9. Certo, ma poi il Country Report 2018 della Commissione per l'Italia, continua a considerare colmato l'output gap e ad invitare a rispettare la "regola del debito"(che è un rapporto col PIL) ignorando gli effettivi moltiplicatori fiscali. E quindi fingendo che l'ulteriore austerità fiscale non conduca a una depressione del PIL, cioè a un ulteriore allargamento dell'output gap. Se non addirittura a rasentare una nuova recessione, se i parametri fiscali fossero applicati rigidamente e acriticamente, come vorrebbero i tedeschi.
La disputa sulla stima dell'output gap va avanti almeno dal Def dello scorso anno (qui, pp. 15-18); ed è una disputa a cui anche un governo di sicura fede €urozonista non avrebbe potuto sottrarsi...
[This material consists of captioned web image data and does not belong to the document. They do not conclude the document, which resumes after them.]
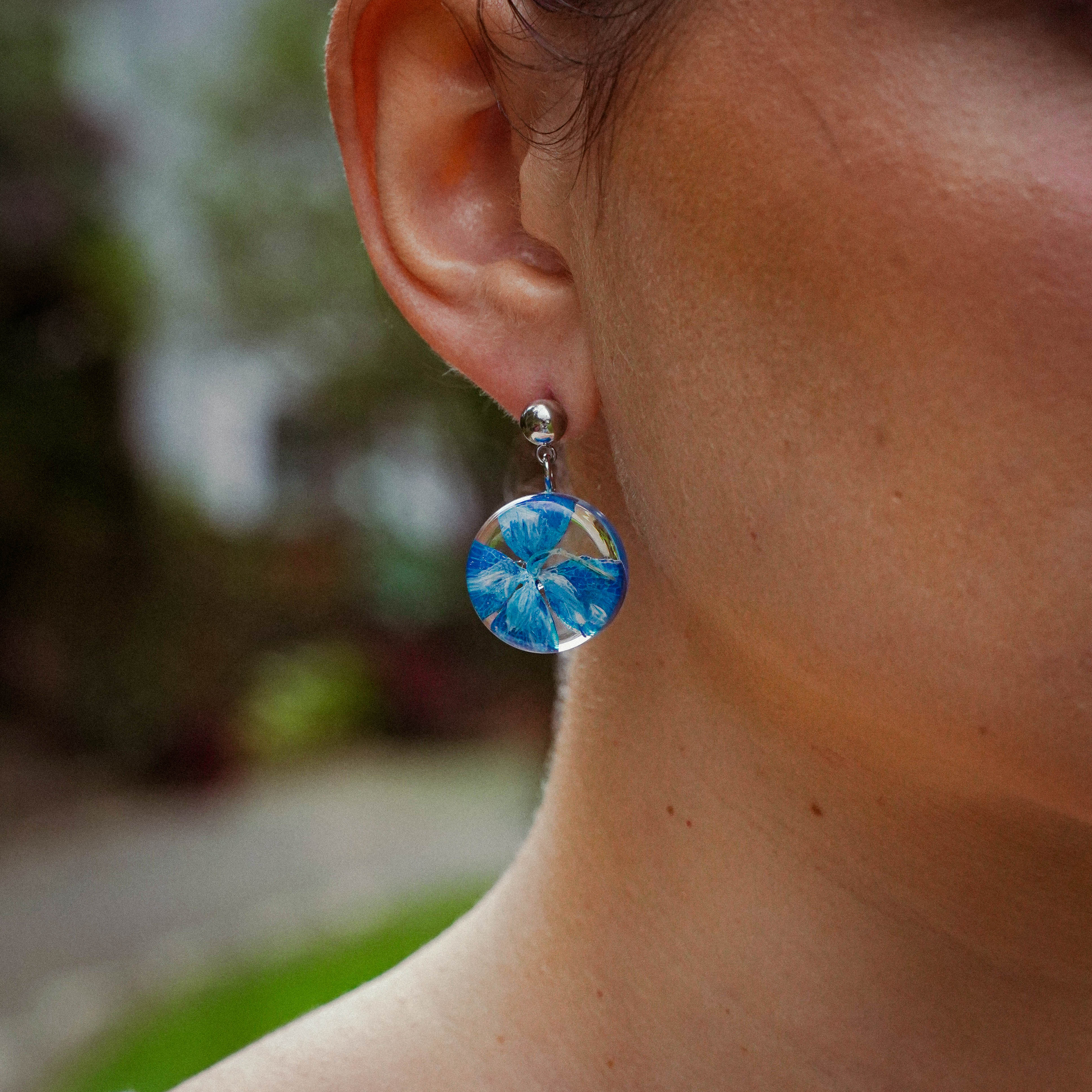 Blue Hydrangea Earrings in Golden Stainless Steel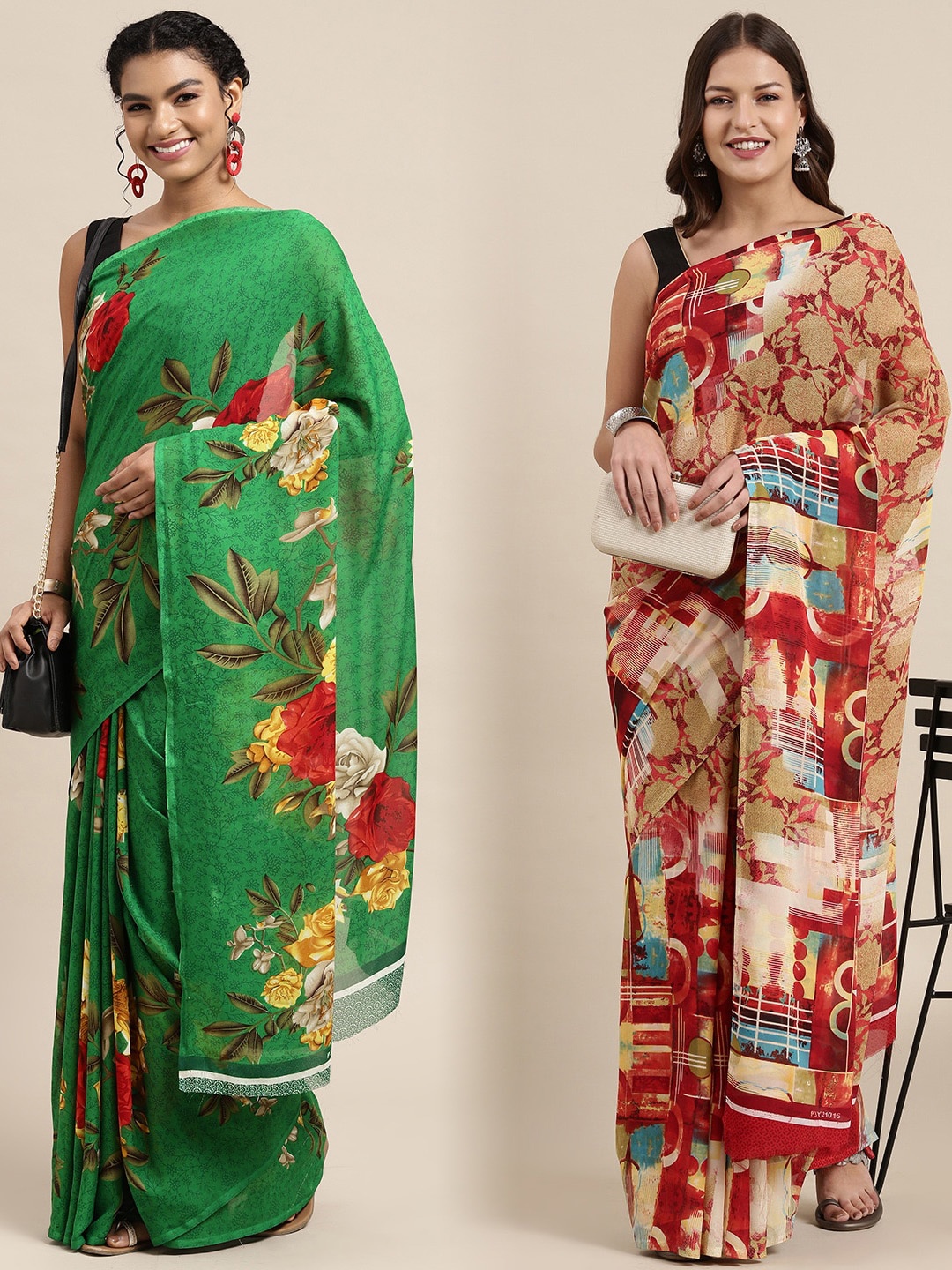 

KALINI Pack Of 2 Green & Red Floral Saree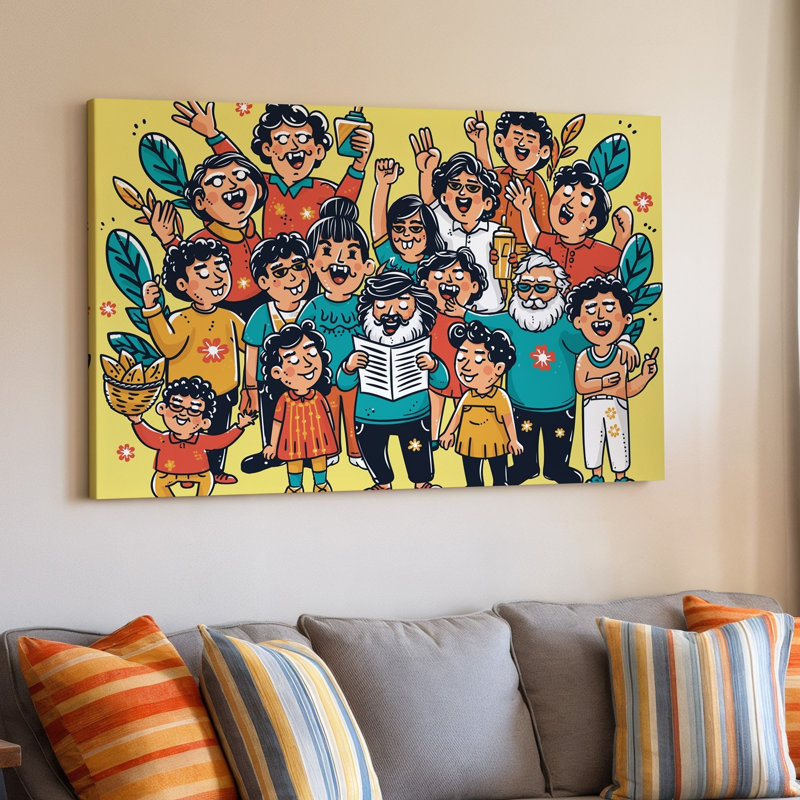 Reproduction d'art sur toile, "Illustration dynamique et ludique" mettant en vedette un groupe diversifié d'art de personnages engagés dans diverses activités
Nell'interesse nazionale: che, consiste, quantomeno, nell'avere la coscienza informata che i trattati e l'unione monetaria sono sia insostenibili che irriformabili.
E non nell'ignorare ostinatamente questa realtà, mentre la povertà e la precarietà del lavoro dilagano in una società prostrata da inutili sofferenze.
10. L'interesse nazionale non coincide con l'interesse tedesco, accentuato dall'attuale assetto monetario dei trattati e dalla costante e mai sanzionata (e neppure seriamente sanzionabile) loro violazione della regola del surplus commerciale(qui, p.5)...
Qualunque siano la maggioranza e il programma di un futuro governo italiano.
Persino Macron è consapevole di questo problema.
E sarebbe il caso di prenderne atto e non ignorarne l'importanza per il benessere e la crescita del popolo italiano.